# What to work on:
Once "MOTO GUZZI Nevada 750 CLUB - 4" turns up in a line below, reproduce that line and those after it exactly, stopping after the line with "Mercedes-benz C 220 C 220 CDI S.W. Avantg."; leave pictures out.

# Recorded information:
■ ■ ■
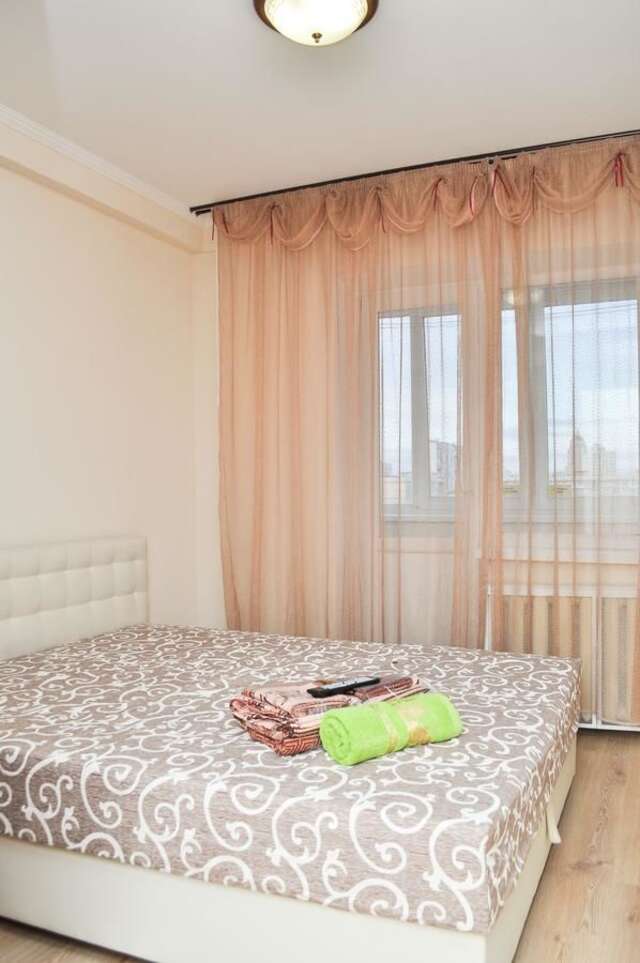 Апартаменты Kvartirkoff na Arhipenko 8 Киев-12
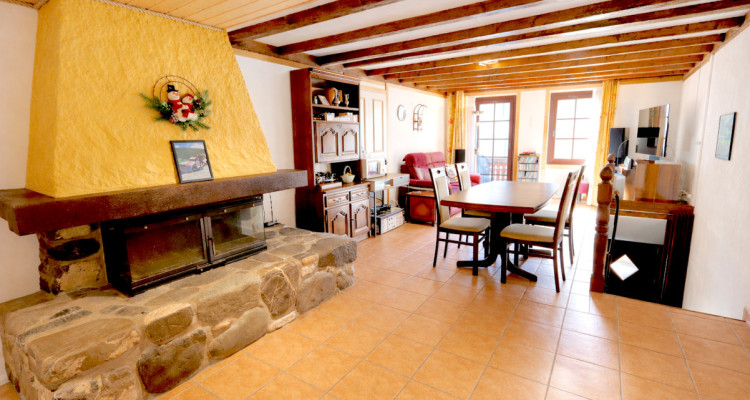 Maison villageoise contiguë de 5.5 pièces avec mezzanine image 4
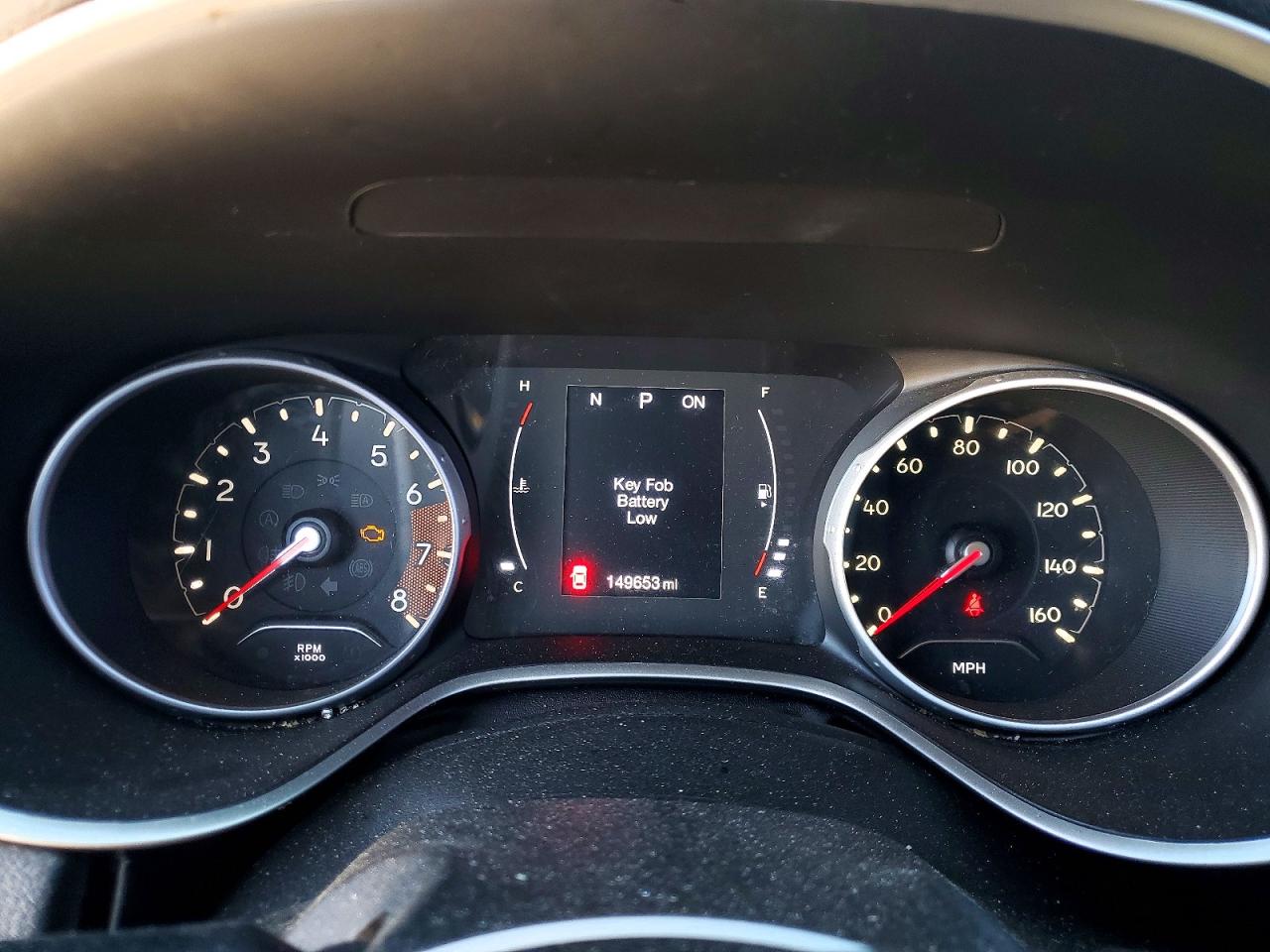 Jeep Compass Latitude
■ ■ ■
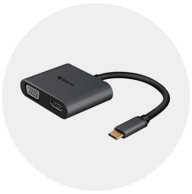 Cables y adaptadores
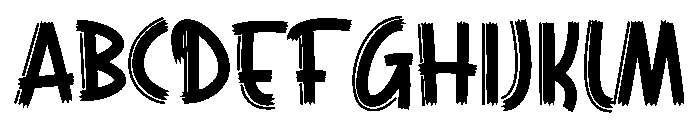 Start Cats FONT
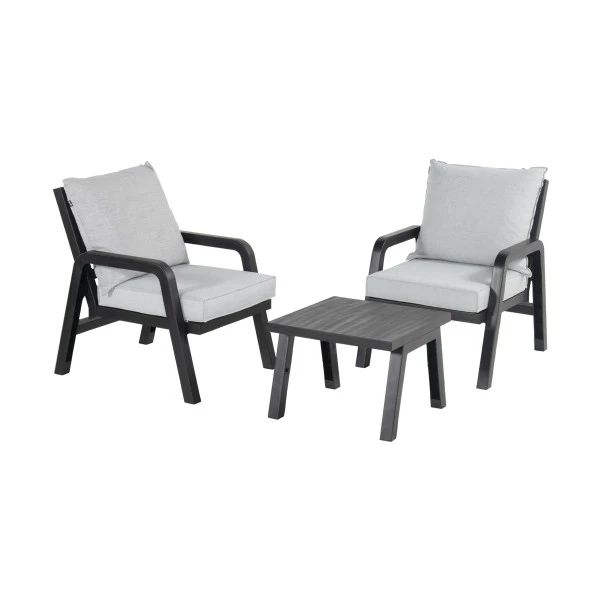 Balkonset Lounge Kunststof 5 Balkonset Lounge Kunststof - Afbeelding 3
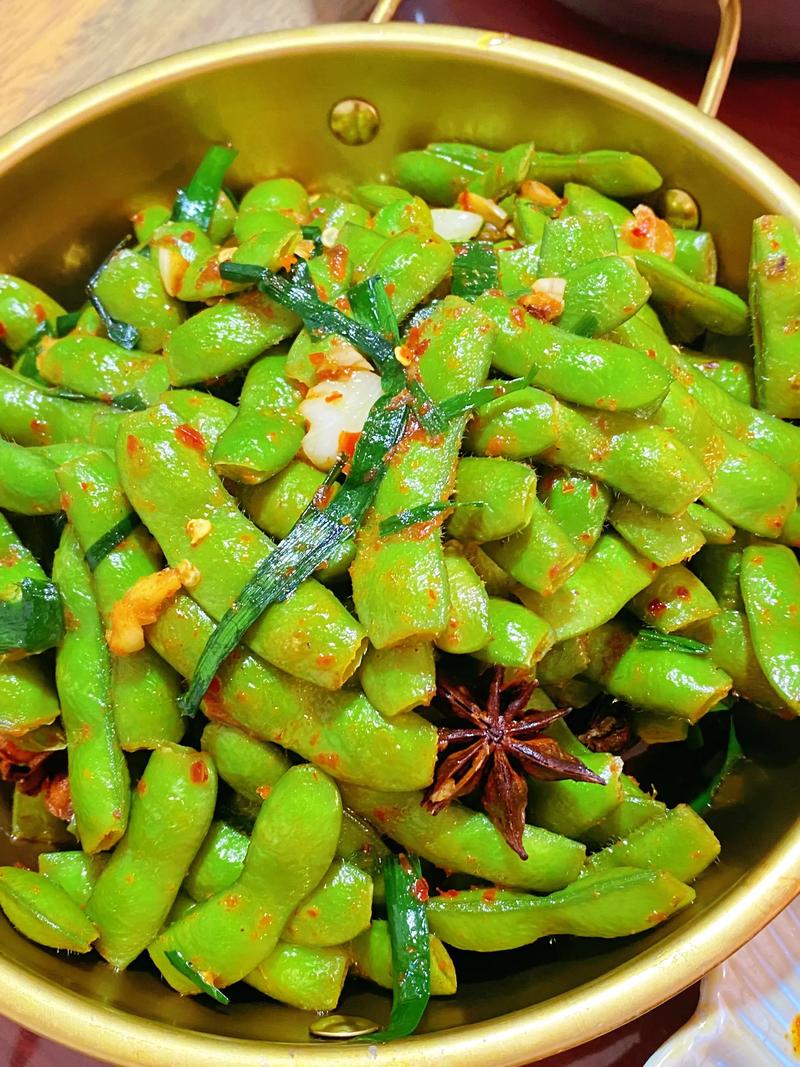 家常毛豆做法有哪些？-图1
■ ■ ■
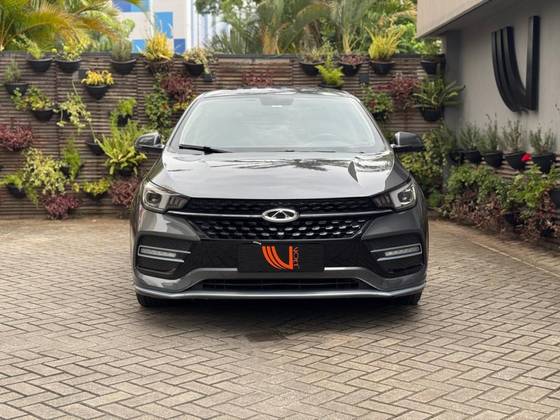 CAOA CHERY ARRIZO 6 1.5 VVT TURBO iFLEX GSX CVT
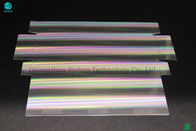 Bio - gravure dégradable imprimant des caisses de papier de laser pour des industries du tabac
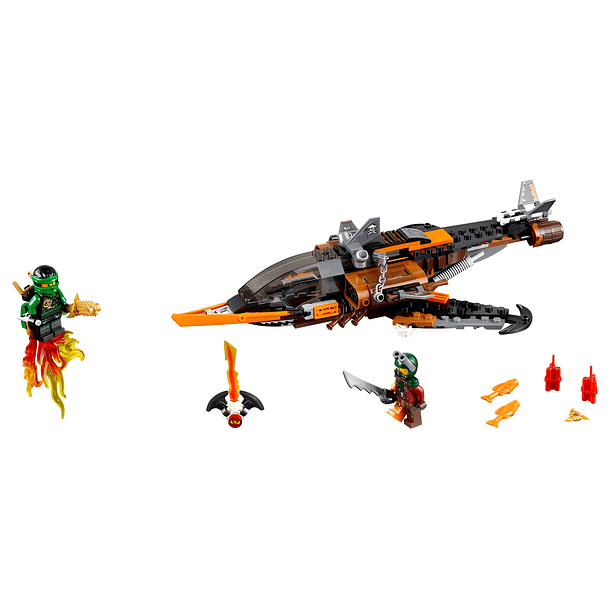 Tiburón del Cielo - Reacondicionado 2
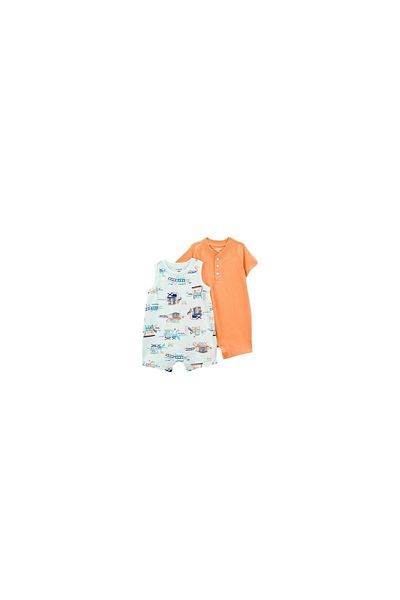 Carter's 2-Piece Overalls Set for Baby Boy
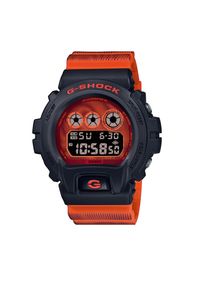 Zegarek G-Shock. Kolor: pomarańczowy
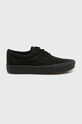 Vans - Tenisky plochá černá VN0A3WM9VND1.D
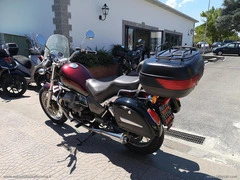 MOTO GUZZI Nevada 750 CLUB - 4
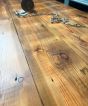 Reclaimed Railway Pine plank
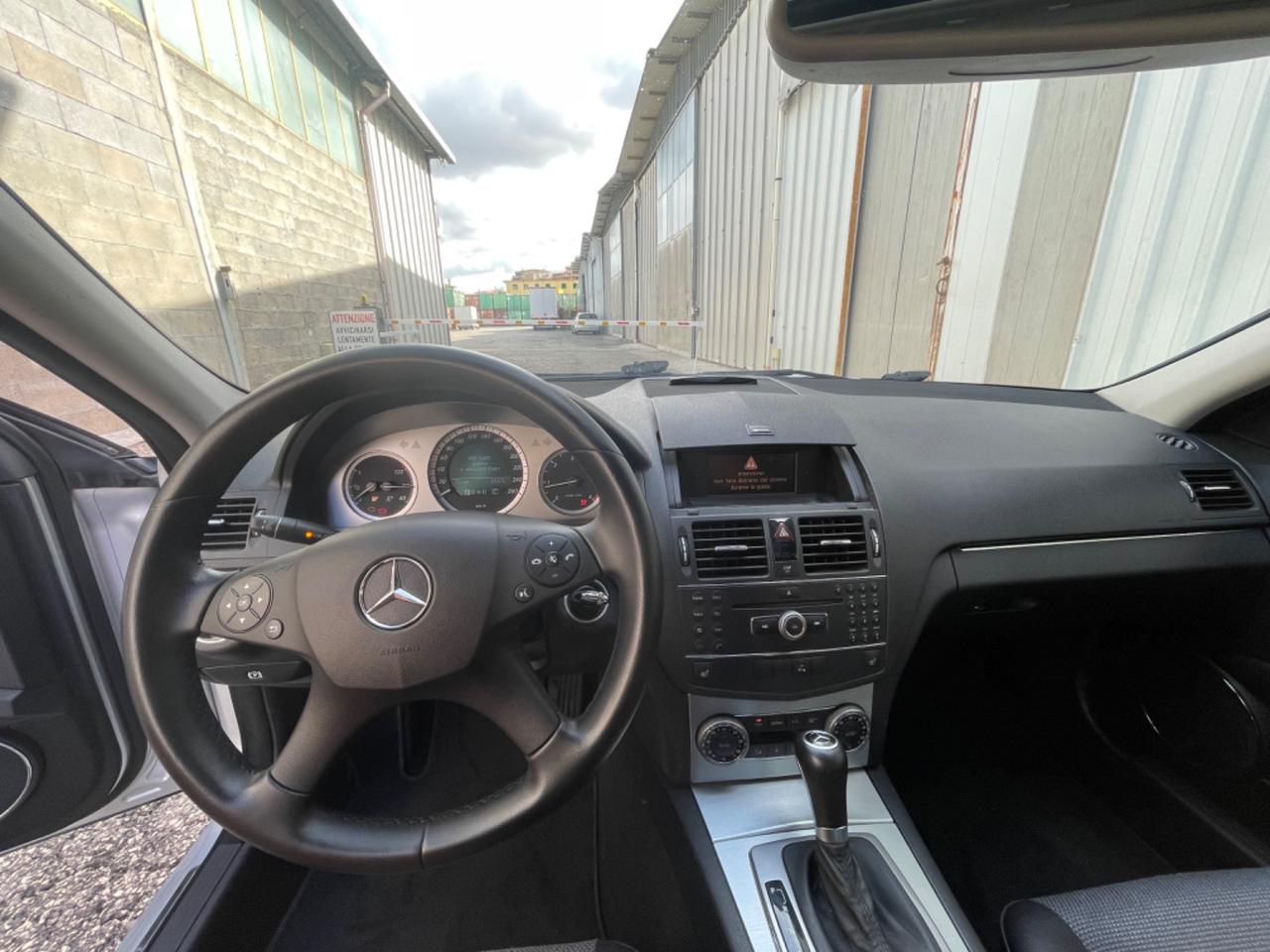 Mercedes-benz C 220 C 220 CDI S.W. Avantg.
■ ■ ■
# Reply:
 MOTO GUZZI Nevada 750 CLUB - 4
 Reclaimed Railway Pine plank
 Mercedes-benz C 220 C 220 CDI S.W. Avantg.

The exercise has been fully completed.